人気の理由はなんだろう、と右手にグラス、左手には取材ノートとペンを握りしめて参加したのだが、ワインエリアの最初のブースで長髪のお兄さんから微発泡のしゅわしゅわ、ペティアン・ナチュレルを注いでもらうと、ノートとペンはすぐにしまってしまった。このお祭りの魅力を感じるのに、メモはいらない。
5年目となる今年は、オーストラリアワインを中心に5カ国約65生産者が参加。亜硫酸ゼロか極小の「ナチュラルワイン」がずらりと並ぶ。利益を目的にしておらず、売上金はアボリジニの団体に寄付される。お祭りは、「試飲会」ではない。スーツを着こんだ営業担当者がワインを滔々と説明するのではなく、爪がワインの色素で赤く染まった造り手が直接ワインを注いでくれる。長髪に髭、流麗なタトゥーの人からアンニュイなオネエさん……日本でもすでに名高いヤウマやトム・ショブルックもいる。ワインも造り手も個性豊かだ。
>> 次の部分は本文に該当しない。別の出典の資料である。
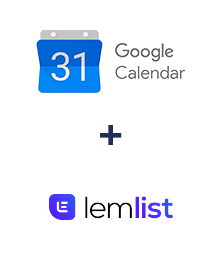 Интеграция Google Calendar и Lemlist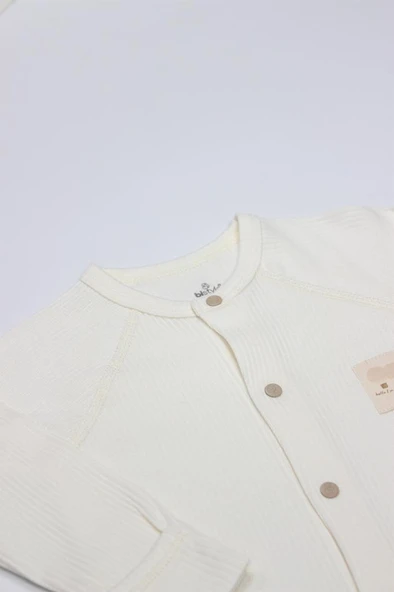 NessiWorld Modal Flying Balloons Tulum BS15114 Ekru - Resim 2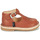 Zapatos Niños Sandalias Aster BIMBO-2 Rojo / Terracota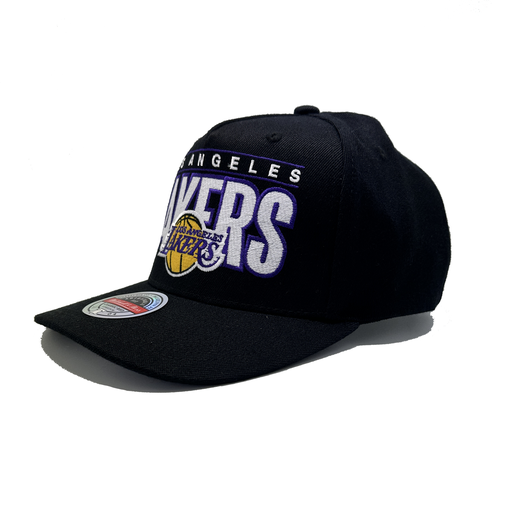 [196945309367] Mitchell & Ness Classic Red Los Angeles Lakers Billboard 2.0 NBA Black OSFM MNLL22347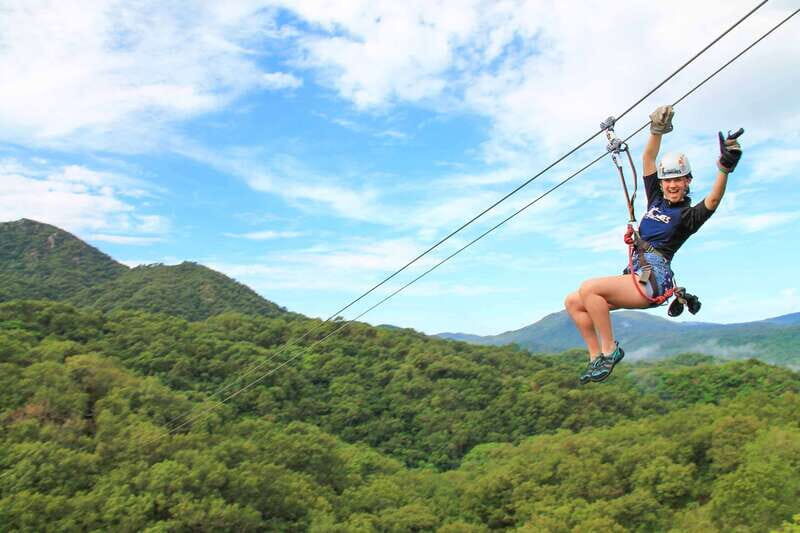 Puerto Vallarta: Outdoor Ziplines and Rappel Adventure - Key Points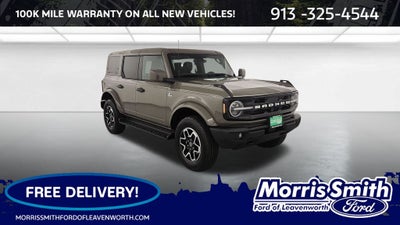 2026 Ford Bronco Outer Banks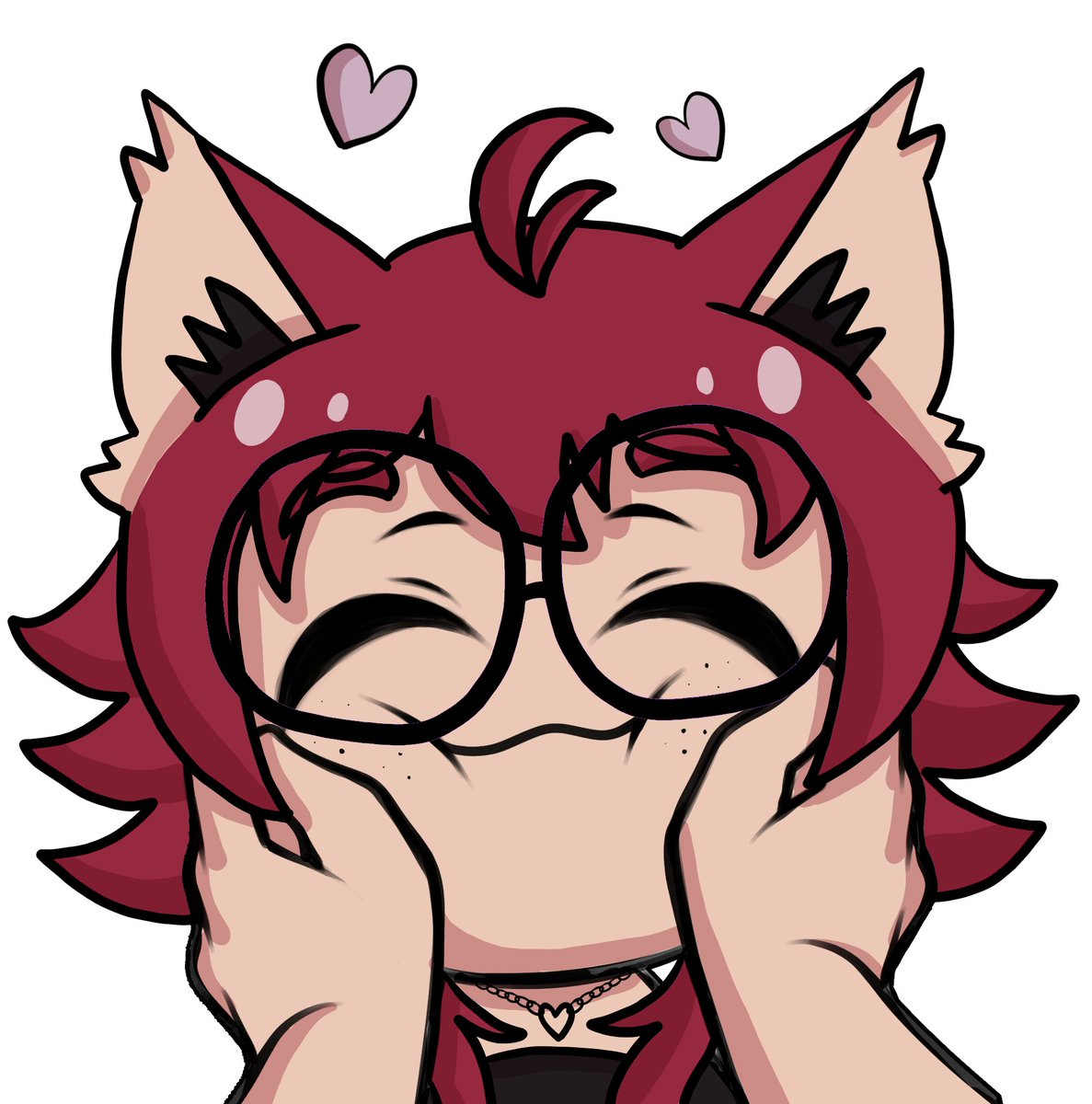 BreadPandaVT's tweet image. adorable base by the talented @KyotaroVT !! Such squishable cheeks, wouldn't you agree? &amp;gt;:3c #vtuber #smallstreamer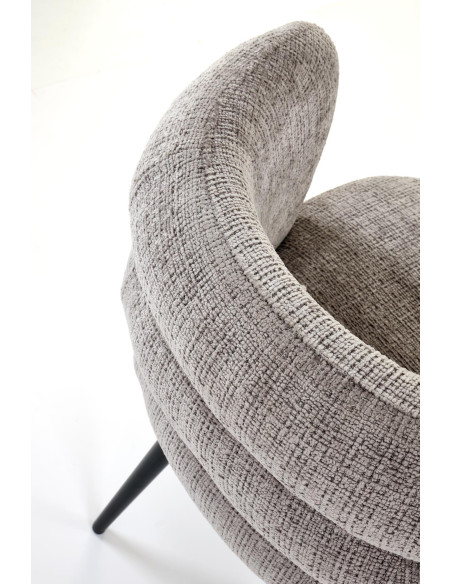 K575 krzesło, popielaty (1p 2szt)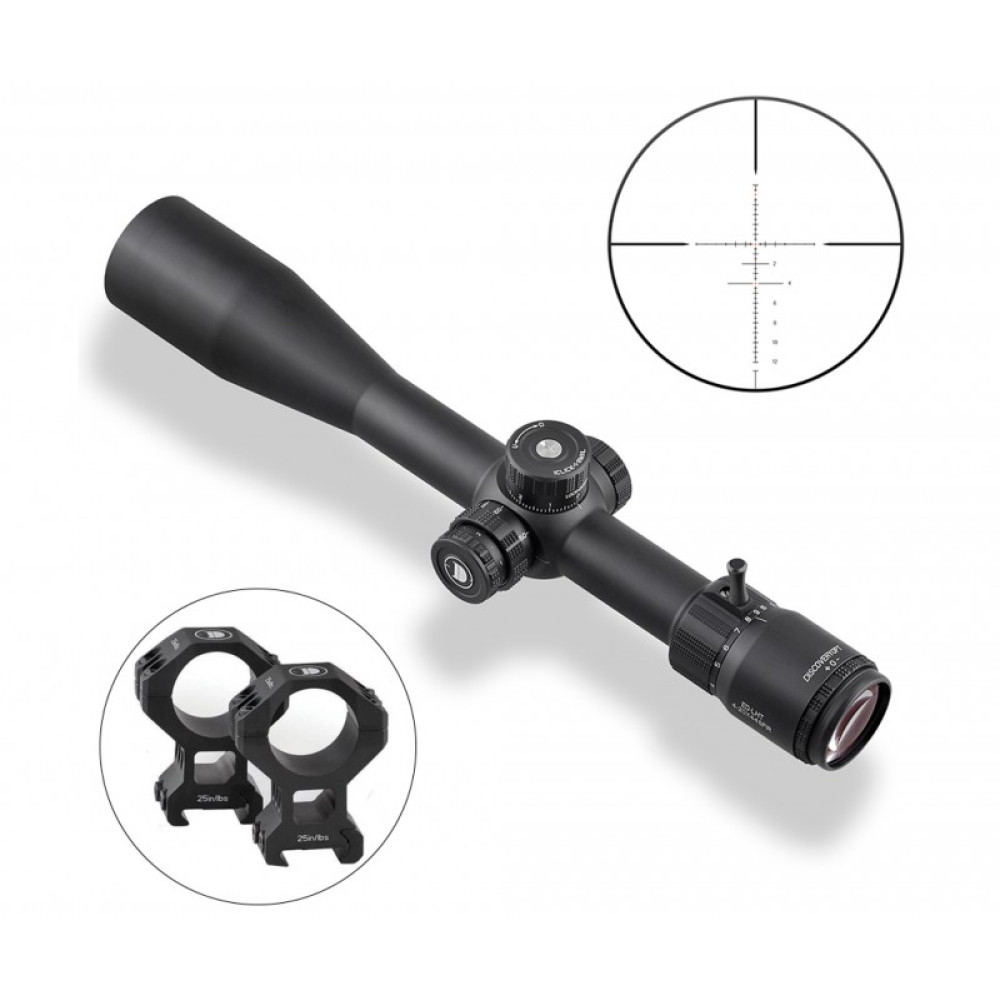 Оптический прицел Discovery ED-LHT 4-20X44SFIR MIL FW30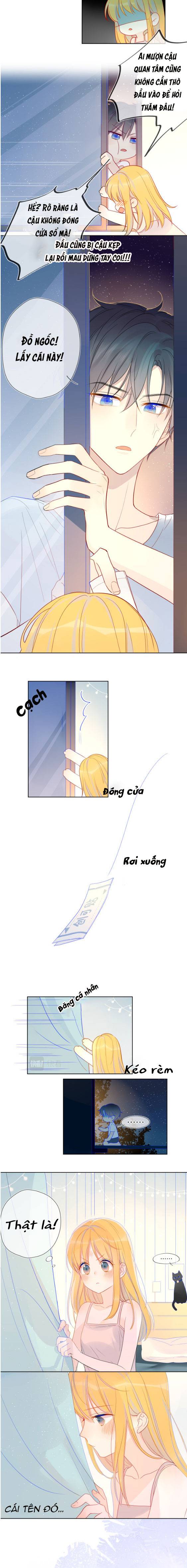 NGÔI SAO MAY MẮN DÀNH CHO TÔI Chap 7 - Next Chap 8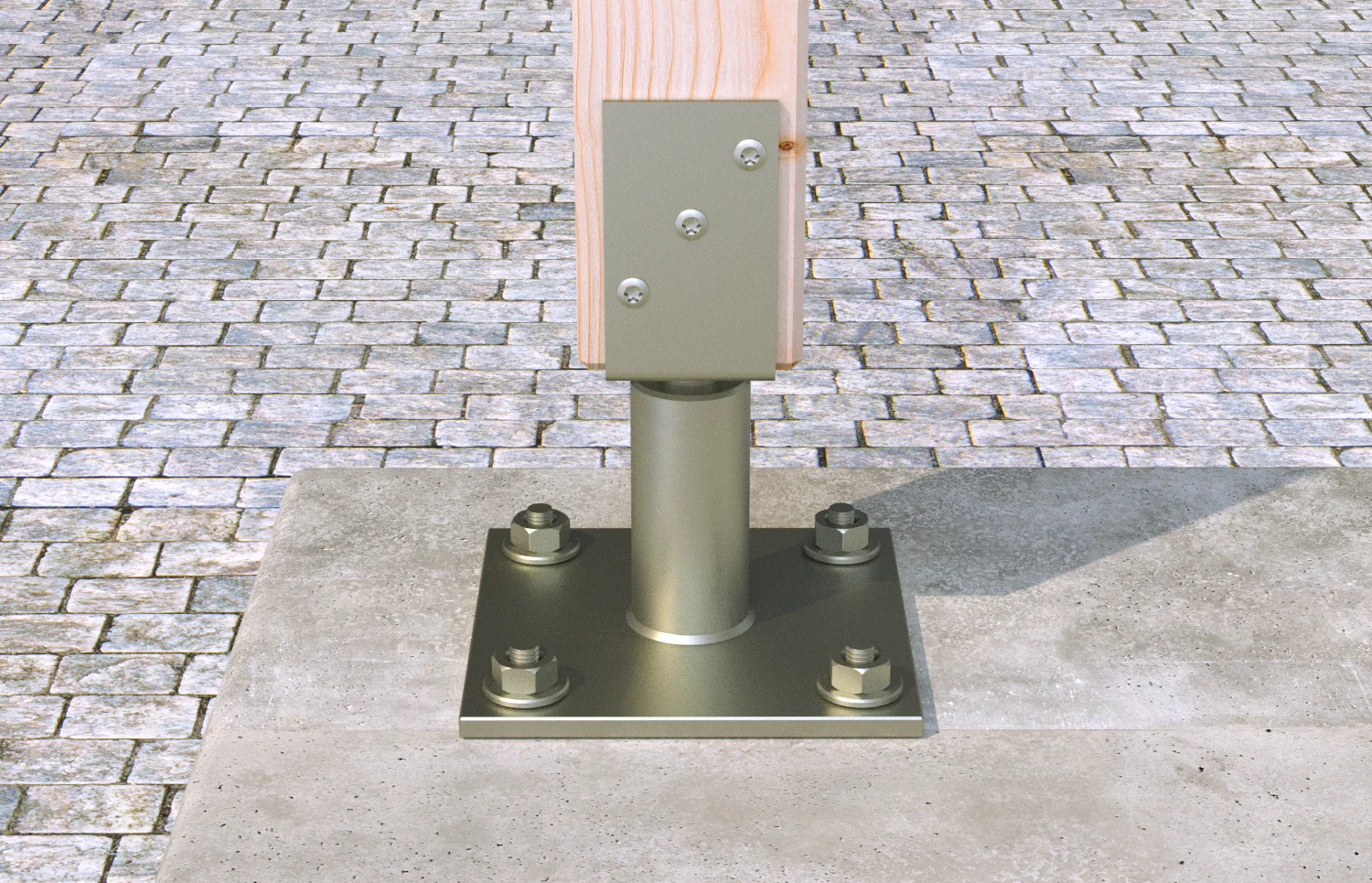 Kotwa stalowa M12, d12, L124 - Image 2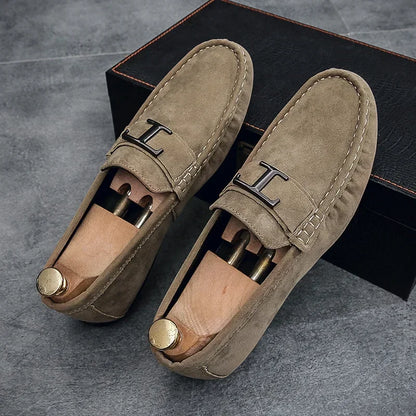 Zomerse slippers voor heren met grip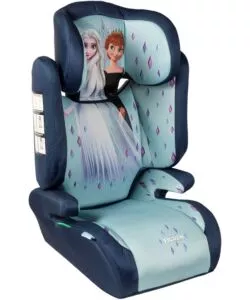 Seggiolino auto disney "frozen" per bambini con altezza da 100 a 150 cm, ece r129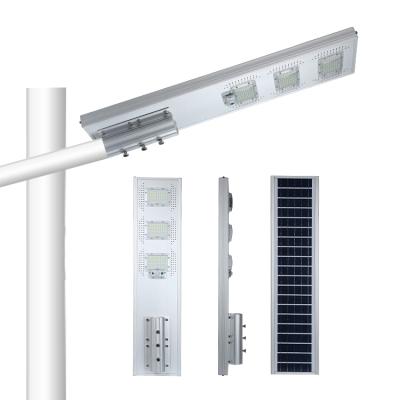 China ROAD 1 Energy Saving Sensor Remote Control IP66 Type 150W Integrated Solar LED Street Light for sale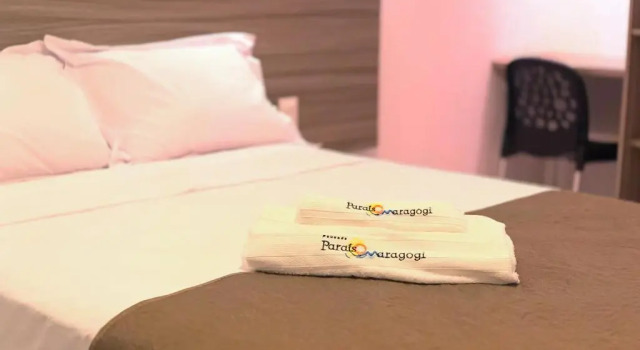 Двухместный номер Standard Pousada Paraíso Maragogi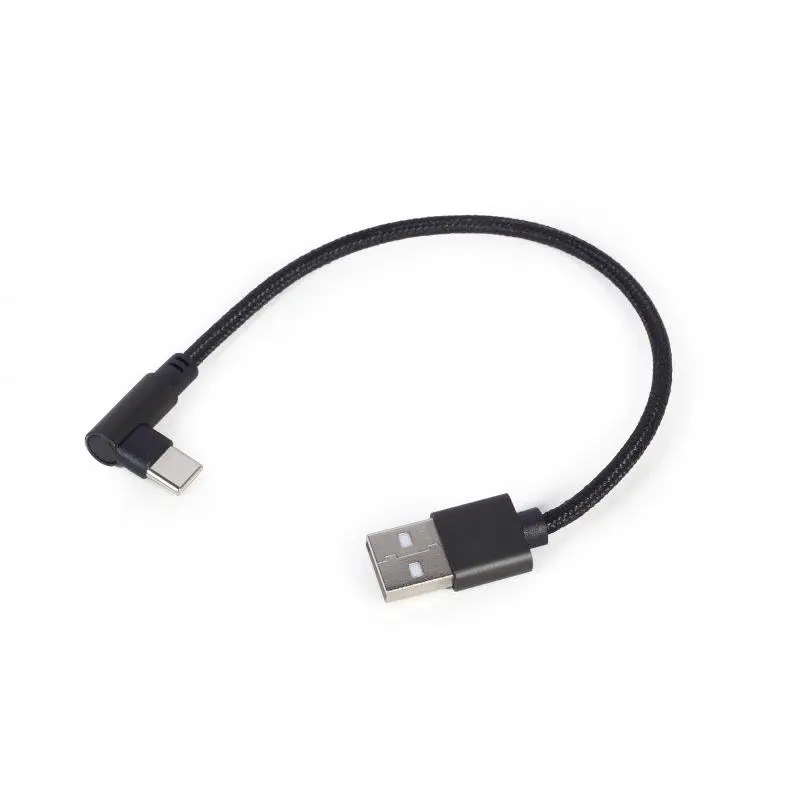 Кабель Cablexpert USB - USB Type-C (M/M), 0.2 м, черный (CC-USB2-AMCML-0.2M) Кабель Cablexpert USB - USB Type-C (M/M), 0.2 м, черный (CC-USB2-AMCML-0.2M)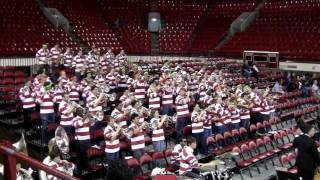 NC State Fight Song Live Pep Band 2012 [upl. by Lemal]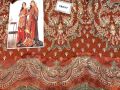 Heavy Embroidered with Handwork Organza Party Wear Dress For Women For Girls 2022. 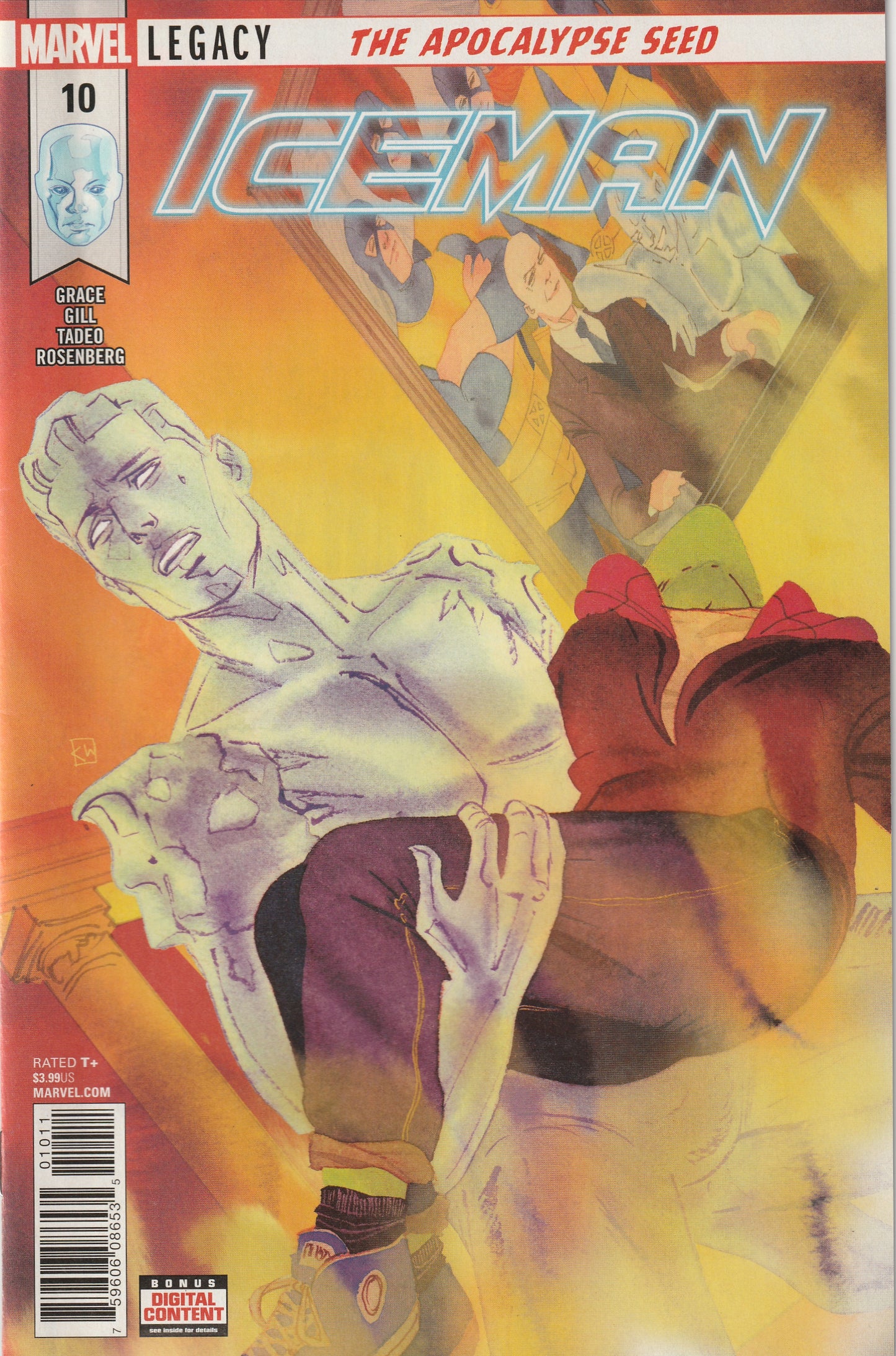 Iceman #10 (2018)
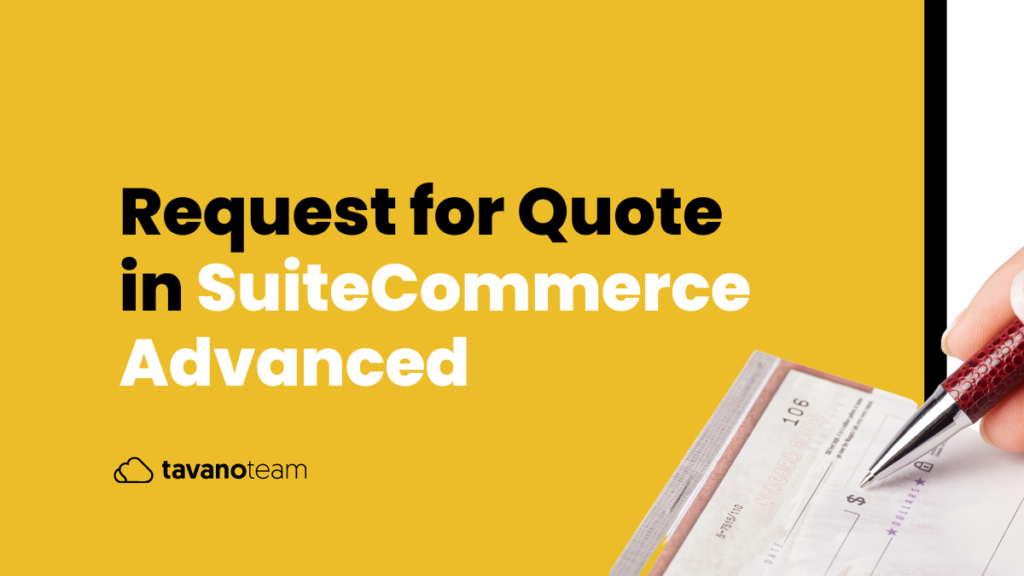 Request-for-quote-in-SuiteCommerce-Advanced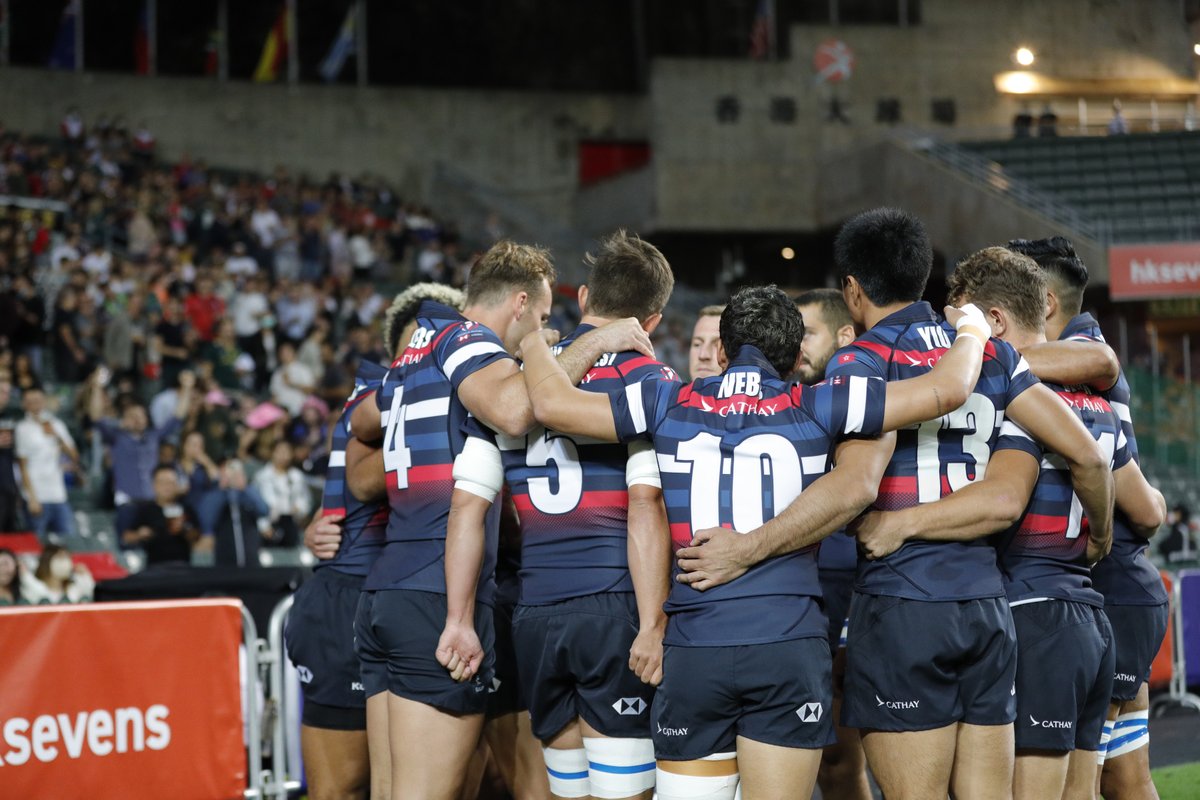 Back on home soil.🏠❤️

#HSCB7s #HK7s #OurHK7s #Rugby7s <a href="/HongKongRugby/">Hong Kong China Rugby</a>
ワイン以外も楽しい。別会場では、コーヒーにうるさいオーストラリア人もご満悦のメッカ・コーヒー、野生酵母で造られたビール、子豚の丸焼きなど地元の人気店がスペシャル・メニューを提供。トークセッションやスター・シェフによるランチイベントも同時開催された。
SAKEもある
Sakeブースも盛況だった。助っ人に来ていたメルボルン在住の日本人ソムリエ伊賀雅彦さんは、「業界のプロが多く、日本酒に対する興味の高まりを感じた」と話す。
日本酒ブースでは、生酒を中心に約20種類がグラス売りされていた(ボトルでの購入も可能)。イベント主催者の一人でもあるMatt Young自らセレクトした日本酒を、航空便で仕入れ温度管理まできっちり行っている。
印象的だったのは、ブースの内側も楽しそうだったこと。休憩時間にコーヒーを買いにいったり、ワインやビール片手に山盛りの牡蠣をつまんだり、お客さんと話しながらもすっかり満喫している様子。そして、いつしか造り手・飲み手・食べ手の枠を超えた一体感が、熱気となって会場に渦巻いていた。人気の理由がわかった気がした。
そうそう、お祭りには浴衣だろう、と和装で参加した筆者だが、ルーシー・マルゴーのブースで盛り上がっていたら、はずみでワインが浴衣にかかってしまった。あたふたしていると、ワインメーカーのアントンは「美味しいワインだから、いいだろう!」と笑いながら、彼の(すでにワインで汚れた)Tシャツで拭いてくれた。このゆるさ……「サステイナブル」には、寛容さが必要なのだ。ちなみにそのワインは「Out of Control(制御不能)」。忘れられない1本となった。